→ DATA FOR REVIEW
· · · ·

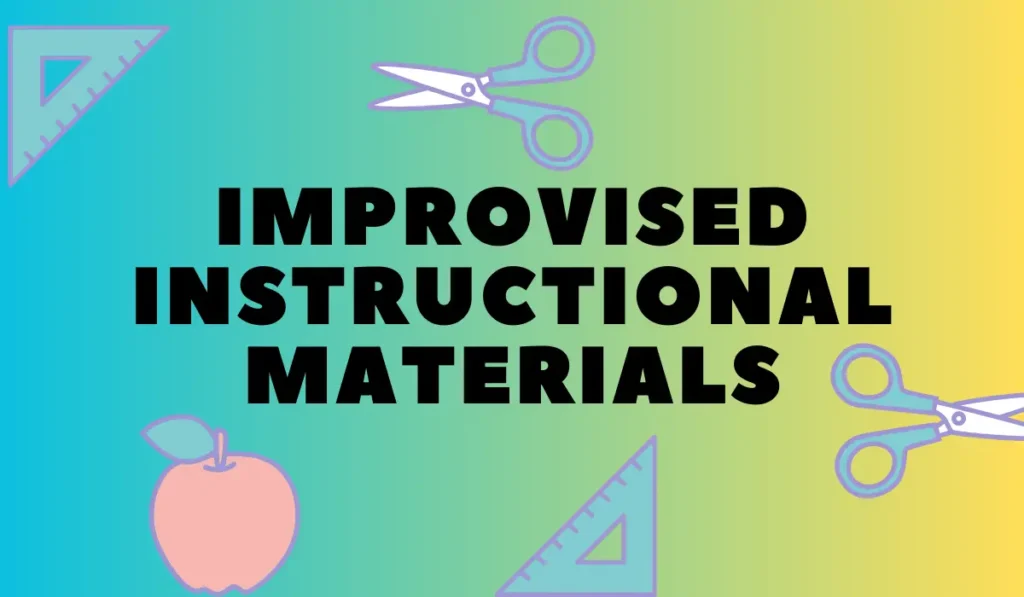 Improvised Instructional Materials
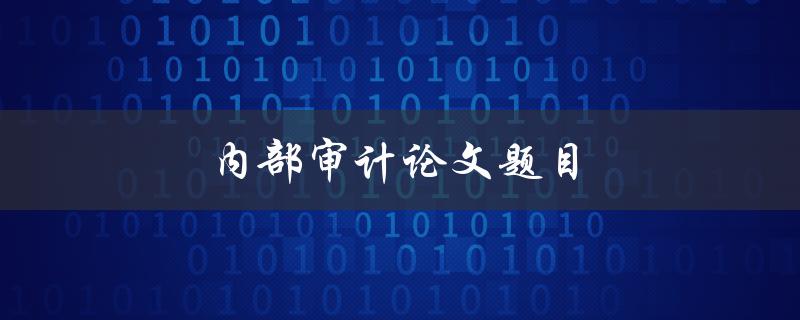内部审计论文题目(如何设计高效的内部审计流程)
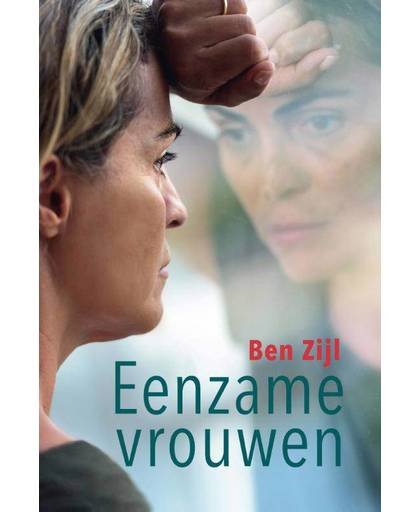 Eenzame vrouwen - Ben Zijl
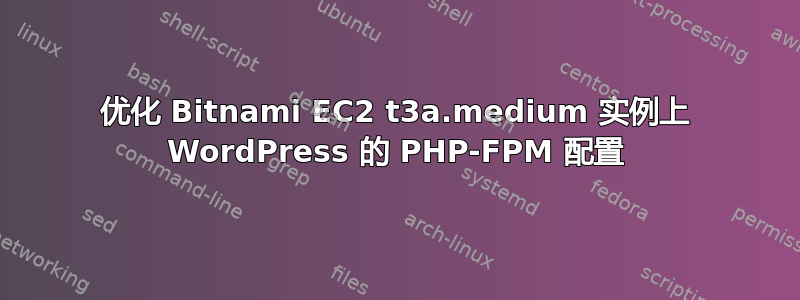 优化 Bitnami EC2 t3a.medium 实例上 WordPress 的 PHP-FPM 配置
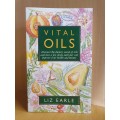 Vital Oils - Discover the dietary secret of oils : Liz Earle (Paperback)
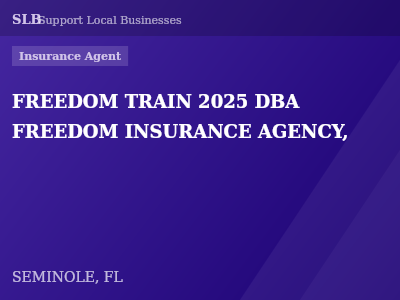 FREEDOM TRAIN 2025 DBA FREEDOM INSURANCE AGENCY, — Insurance Agent in SEMINOLE, FL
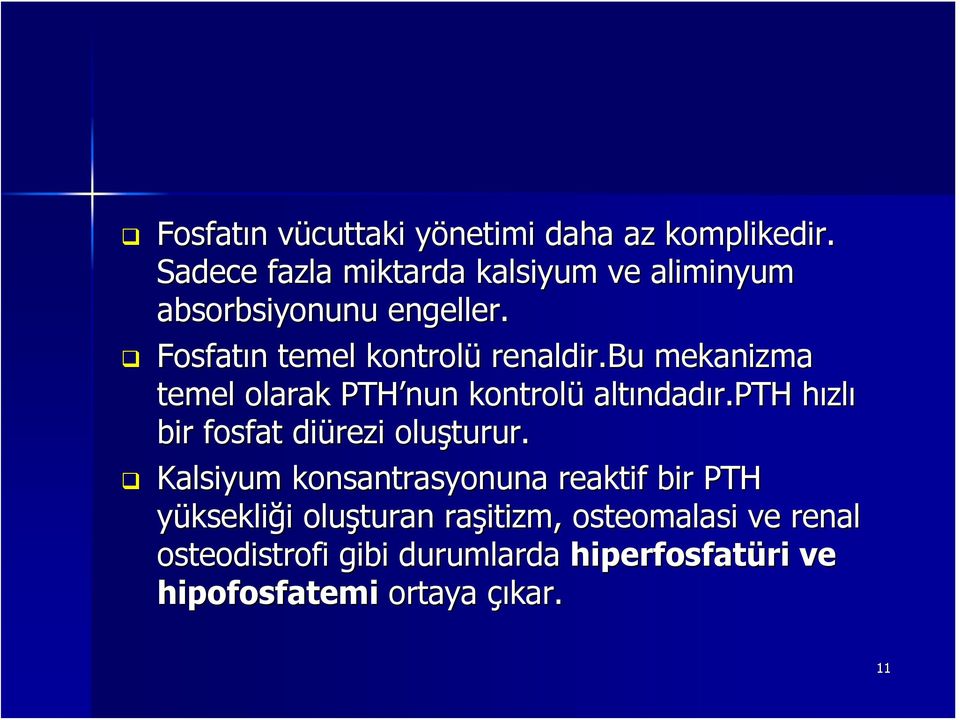 bu mekanizma temel olarak PTH nun kontrolü altındad ndadır.pth hızlh zlı bir fosfat diürezi oluşturur.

· · · ·

→ WHAT IS REQUIRED
Your copy should match the data above exactly, apart from the pictures.

→ OUTPUT OF THE TASK
 Improvised Instructional Materials
内部审计论文题目(如何设计高效的内部审计流程)
 Eenzame vrouwen - Ben Zijl
 优化 Bitnami EC2 t3a.medium 实例上 WordPress 的 PHP-FPM 配置
 Vital Oils - Discover the dietary secret of oils : Liz Earle (Paperback)
 FREEDOM TRAIN 2025 DBA FREEDOM INSURANCE AGENCY, — Insurance Agent in SEMINOLE, FL
 bu mekanizma temel olarak PTH nun kontrolü altındad ndadır.pth hızlh zlı bir fosfat diürezi oluşturur.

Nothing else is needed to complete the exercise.